Yesterday was Easter and it was a glorious day.  I love Easter.  It is my favorite holiday partly because it means so much (Jesus' death and resurrection is the rock of the Christian faith and is how we can know God!) and partly because the traditions I've been discovering around it (lent fasting, the Pasca (Orthodox Christian) late night celebration) and probably also that is not so commericialized and happens right around the budding of trees and flowers. I took dozens of photos yesterday of our lively church brunch and family get-togethers which I'll try to put up a few of on here in time.
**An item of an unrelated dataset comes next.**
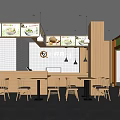 Modern Restaurant Interior With Wooden Tables Chairs Hanging Lights And Menu Boards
For now, I want to turn my thoughts to something I've been pondering most of the day.

As you may know I substitute teach in the Minneapolis Public School Distrist.  Today I returned after a week and a day of spring break.  I ended up in a special education class in North Minneapolis.  There were two black women there who were supposed to be assisting me but they did little.  Not that it mattered too much, the children were very focused and I was actually very impressed by them.  However, it disturbed me how lazy these women felt they could be.  Not only did I have to go over to them and introduce myself when I came in and ask for guidance in the schedule of the day but one woman had the audacity to take a nap while she was sitting in the back of the room and they both were on their cell phones texting or using the internet frequently instead of engaging the students.  These women were probably somewhere in their late twenties to forties (one older, one younger) but they just emanated this sense of entitlement.  Anyhow, it made me wonder why and where the black culture generally gets this attitude.  I know it is not just black people and I am aware that this is a generalization.  Entitlement itself is an issue that pervades the whole culture of the United States of America but happens to particularly be insidious in the black culture.  I found an article from a black website that gave me some insight:
http://www.blackinformant.com/uncategorized/african-americans-and-the-whole-entitlement-thing

My purpose in writing about this is not to judge or continue propagating stereotypes but it is to thoughtfully consider how the black culture in American and the wider culture in general has become so plagued by "entitlement issues."  I know I am not safe from having this attitude at times.  In fact I can pinpoint specific foolish actions I've made in my life that were more based on my attitude of "deserving something" than wisdom.  Entitlement masquerades itself as individuality often.  I'd like to start a dialogue about this because it's something that hurts me to see it's effects (like the negative aspects of the black culture) and honestly, I have a lot to learn about dealing with when I see it in other people (or myself).

 It's interesting to realize that the Bible condemns those who "puff themselves up" but calls the ones who "come as children."  At it's root I think that is the evil of the entitlement attitude.  We are precious and made in the image of God.  We are of amazing value to His Kingdom yet we are sinful and the consequence of sin is death.  We are deserving of death (not the Kingdom) but God gives us the Kingdom.  The only way to enter the second though is to realize the first.

Please share any thoughts about ways we can combat the entitlement attitude in our culture (or other cultures, such as the general black culture of America), churches, homes, schools, and in ourselves.  I genuinely would like to have a thoughtful dialogue about this.